Analysis: Long way to go before Greek messy default priced in
By
Jeremy Gaunt, European Investment Correspondent
LONDON | Thu Jun 16, 2011 8:21am EDT
LONDON (Reuters) - Prospects for a disastrous, disorderly outcome to the Greek debt crisis are beginning to show up on financial markets even though many investors still do not believe it will actually happen.
The result is that today's rising bond yields, stratospheric insurance costs and heavily pressured stock prices may only be a taste of what could come if
euro zone leaders fail to halt Greece's decline and ring-fence it from others.
In short, a lot of markets and bond holders have not priced in some of the worst outcomes.
With the European Central Bank becoming louder about the prospects for default or restructuring spreading into the banking system, some financial market sectors are in steel-helmet mode.
Give or take a basis point or two, for example, the price of insuring Greek sovereign debt against collapse rose on Thursday by about the same amount that it costs in total to insure against default in
Indonesia.
That's the increase, not the price, and it implies that
Greece is heading rapidly for default with little faith that the euro zone can cobble together anything to help.
Others joined in, with the euro falling against the dollar and yen, Spanish 10-year bond yields hitting 11-year highs, and European stocks losing another one percent to rack up a more than 5 percent loss over a month.
All of which may be worrying given that investors have been relatively calm so far about the crisis and its potential to lead to another Lehman Brothers-style global financial collapse.
A survey of institutional investors unveiled by Allianz Global Investors on Wednesday, for example, listed a sovereign debt crisis only the third largest global investment risk, after changes in interest rates and a stock market tumble.
In a similar vein, analysts at last week's Reuters
Investment Outlook Summit were confident global markets could stay insulated from the Greek and euro zone crises.
Karen Olney, head of European thematic strategy, suggested buying European bank shares, while Alain Bokobza, head of asset allocation at Societe Generale, said he liked Spanish and Italian sovereign debt.
These are not the calls of people planning for catastrophe.
POTENTIAL
Two factors in particular are rattling markets at the moment when it comes to the euro zone crisis.
The first is the differing views that various authorities have about how to put together a bail-out package that will stem Greece's decline.
The ECB has been reluctant to agree any plan that allows for a restructuring of debt while others, such as
Germany, want private investors to take some of the pain.
This -- along with violent street opposition to austerity plans in Greece itself -- have delayed agreement in a way that upsets financial markets.

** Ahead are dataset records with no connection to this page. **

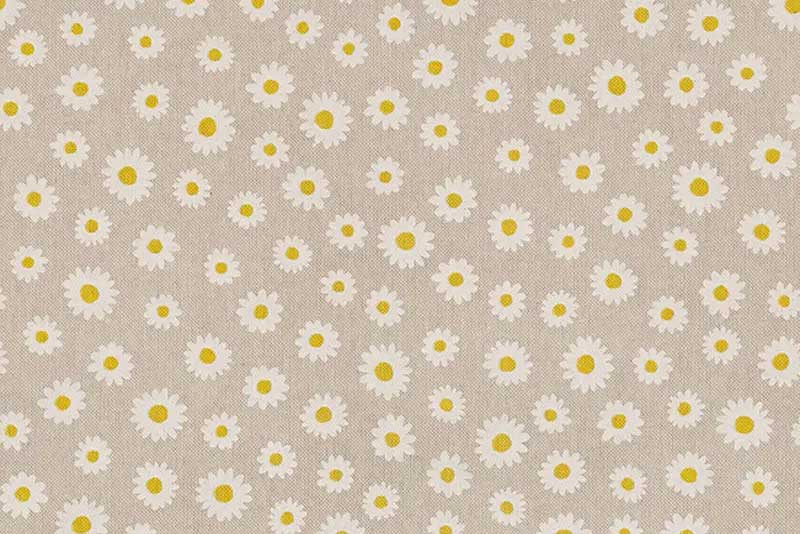 Dekostoff Leinenoptik - Gänseblümchen 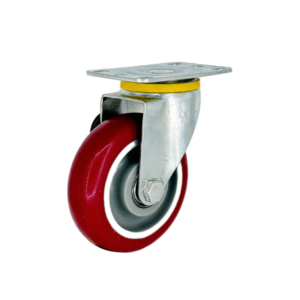Langlebige <span class=keywords><strong>PU</strong></span>-PVC-Schwenkrollen für Industrie mit Polyurethan-Beschichtung, Rot, Anpassbar - Product Image 1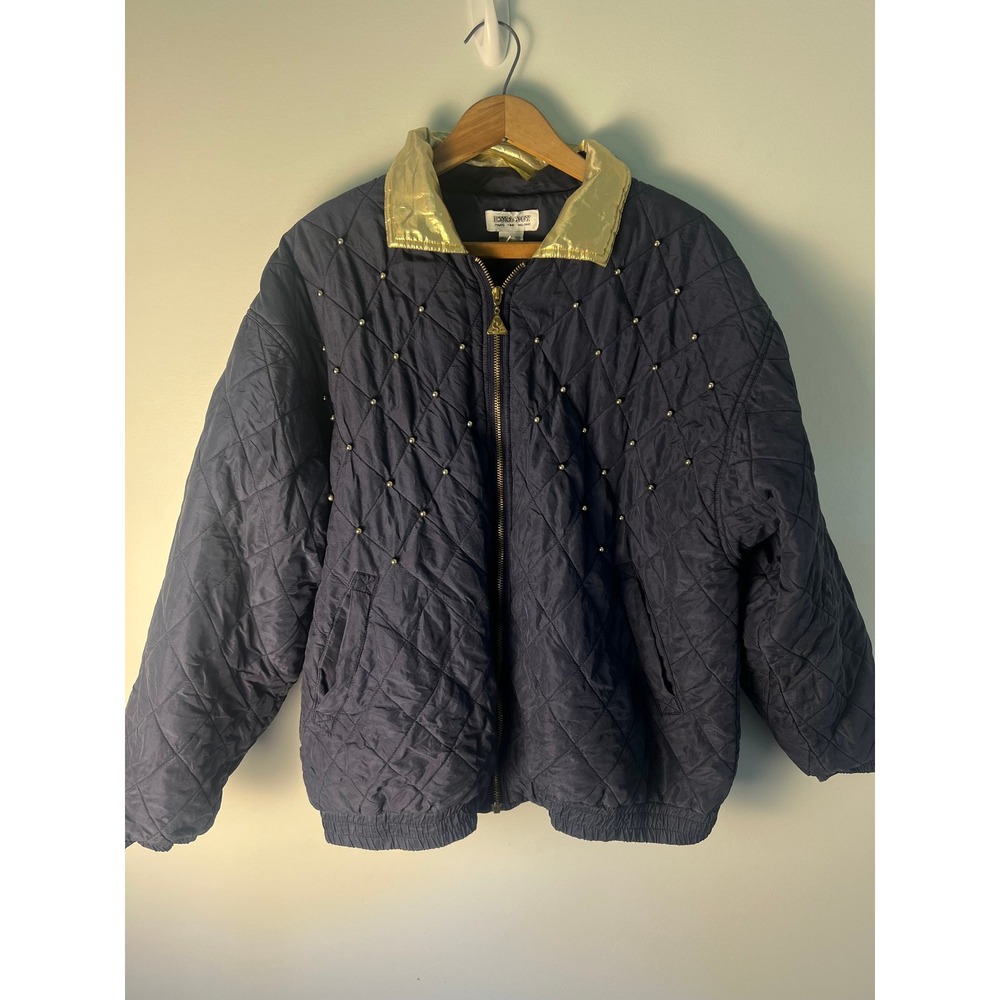 VTG Euro Joy Quilted Silk Bomber Jacket Wm M Navy Blue Gold Studded
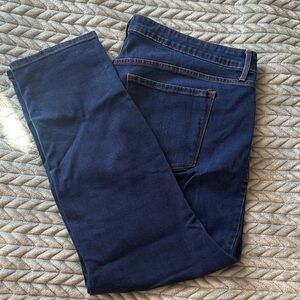 Old Navy Women's mid rise power slim straight Jeans - Dark Blue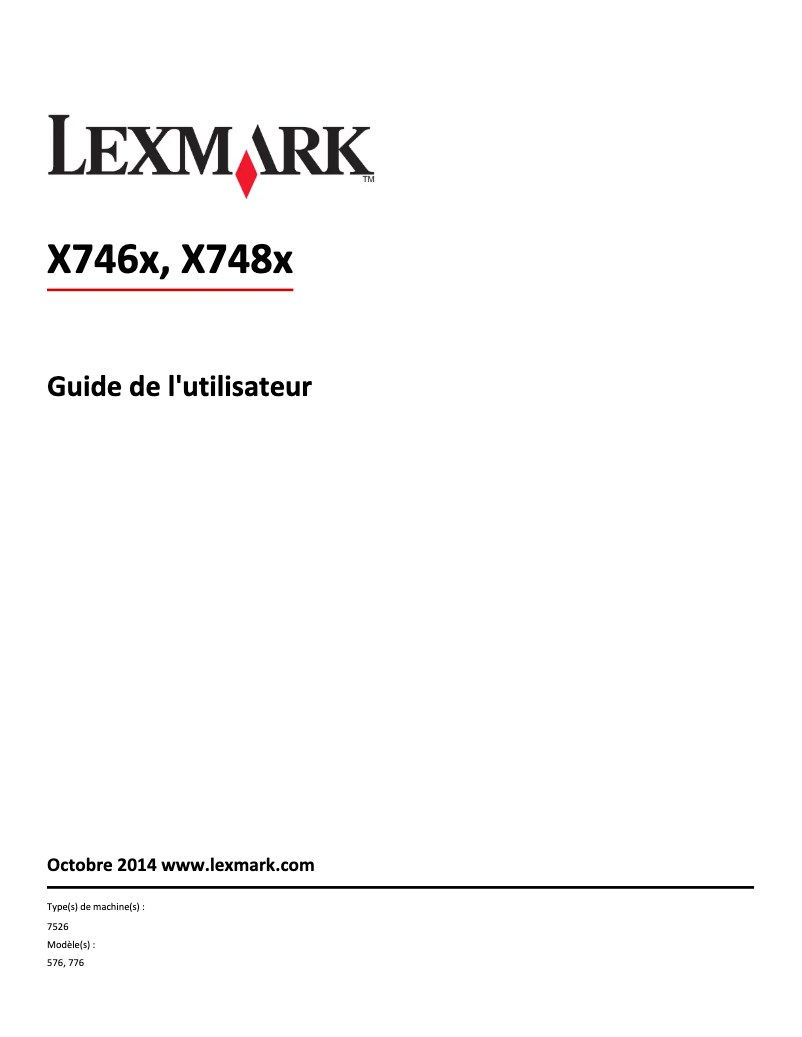 Image de la première page du manuel de l'appareil X748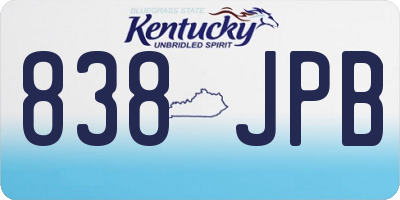 KY license plate 838JPB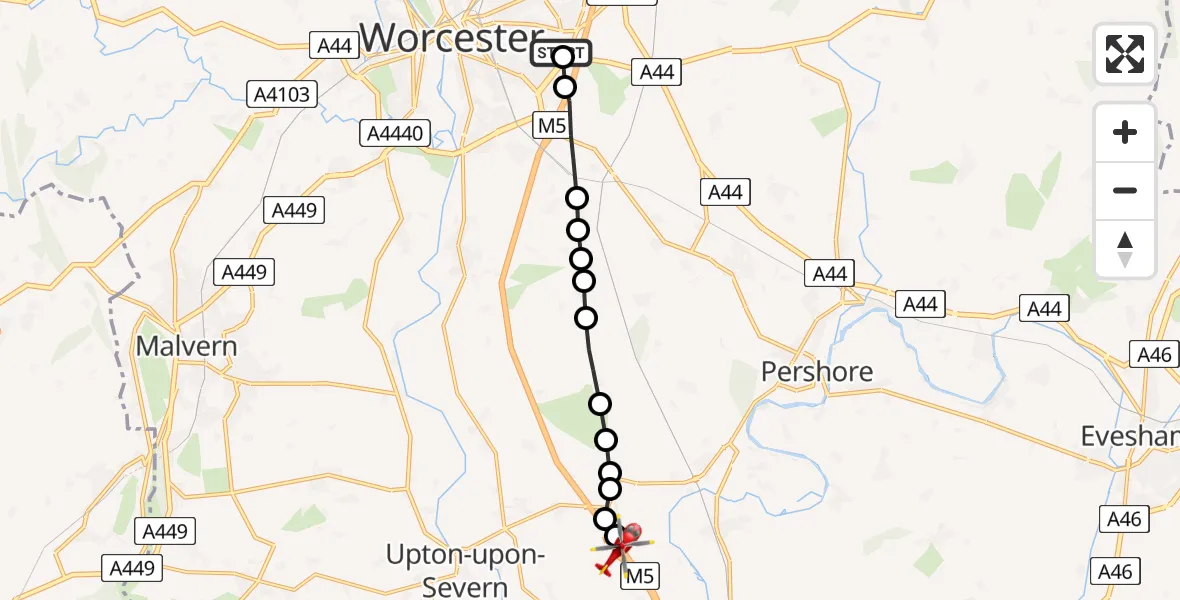 Routekaart van de vlucht: Air Ambulance Helicopter to Hill Croome, M5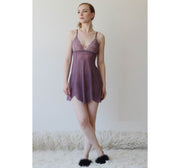 Sheer mesh nightgown with lace cups and scalloped hemline, Ready to Ship, Various Sizes, Cameo Pink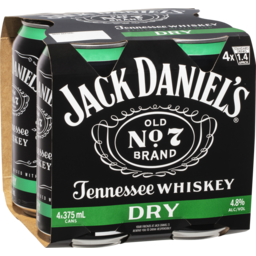 Photo of Jack Daniels & Dry Can 375ml 4 Pack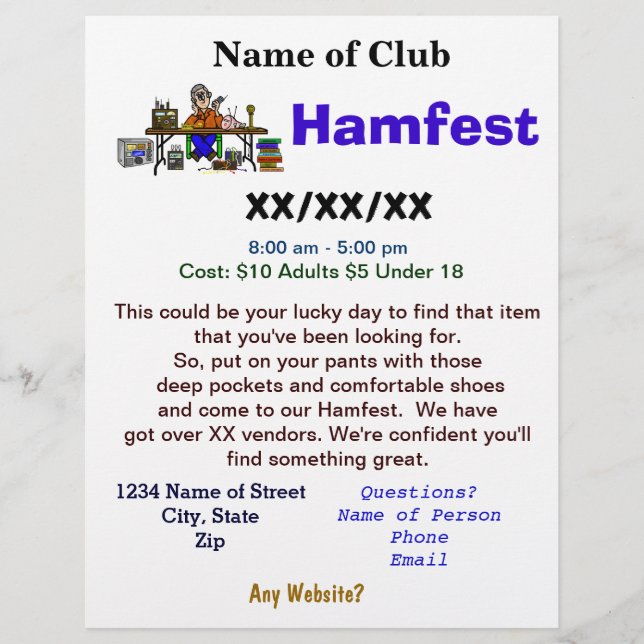 Hamfest Flyer 2-seitig mit Ham Vendor Customize It (Vorne)
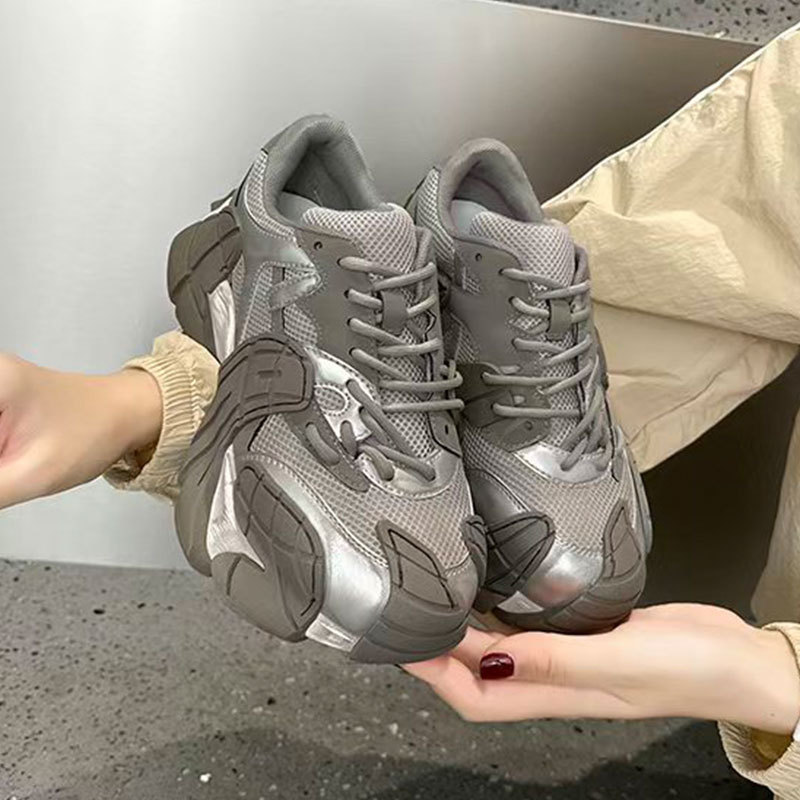 European Octopus Dad Shoes 2025 Autumn/Winter Mesh Breathable Thick-Soled Casual Shoes Genuine Leather Sneakers Women's Shoes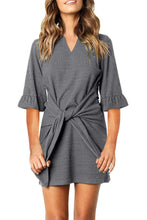 Load image into Gallery viewer, Gray V Neck Ruffled Sleeves Waist Tie Casual Mini Dress
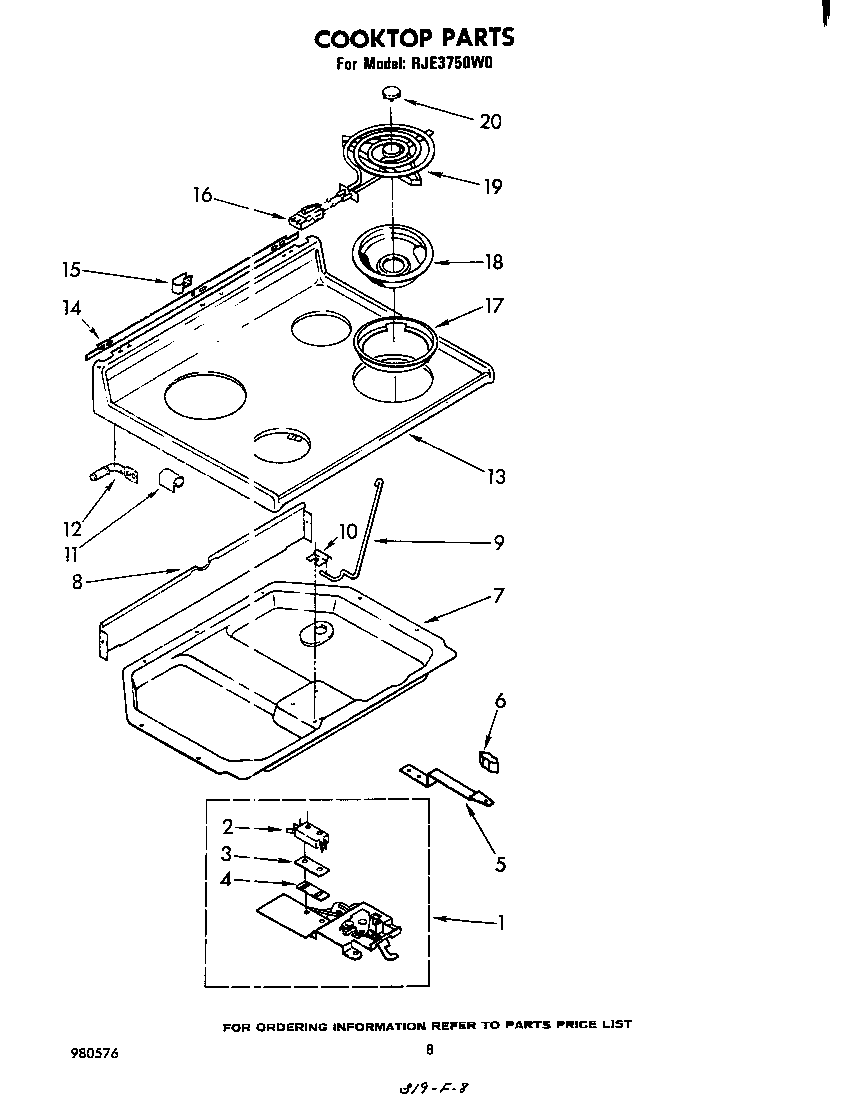 Whirlpool RJE3750W0 cooktop diagram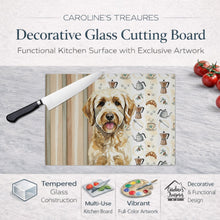 Load image into Gallery viewer, Labradoodle Coffee Bar Glass Cutting Board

Reports that Germany is pushing for a delay until September will not have gone down well.
"In our heart of hearts we know that all politicians don't want to tell a bad story and like to kick the can down the road," said Neil Dwane, European chief investment officer for fund firm RCM.
"But the market is beginning to speculate that we get the (outcome) we don't want -- that is that the political situation in Greece collapses."
The second factor is the sheer magnitude of the risk. A disorderly default in Greece would be a major credit event, bringing steep losses to bond holders, including the region's banks and the ECB itself.
Yield spreads would be driven wider in other countries -- in Ireland, Portugal and Spain, but also in Italy, Belgium and even
France -- and among various corporate credits.
It was a similar scenario that led to the financial meltdown, from which the world has barely recovered, in 2008 after the Lehman collapse.
Dwane reckons most hedge funds and investment banks that hold questionable euro zone debt are still pricing them at face value rather than market value -- a recipe for sharp losses.
NOT YET
The reality, however, is that most investors believe that the collapse scenario will be avoided and that the euro zone and International Monetary Fund will, in the event, come to the rescue. It is in few peoples' interest for them not to.
"The main case that people are assuming is that when push comes to shove Europe and the IMF will step up," said John Stopford, head of fixed income at Investec Asset Management.
The Greek crisis has also been around for a while and is unlikely to take investors by surprise as Lehman did.
It is for this reason that the moves in some assets, though negative, have been limited.
The euro, for example, may be at a three-week to one-month lows against other major currencies, but it is still buoyant, up five percent or more year-to-date against the dollar and yen.
Similarly, euro zone stocks are down only around 3.5 percent for the year, a far-from-panicky performance given the stresses.
Stopford says asset price moves actually only reflect caution.
"The market is taking risk off rather than necessarily pricing in catastrophe," he said.
Comforting, but it also means there is a long way to go if the consensus scenario proves wrong.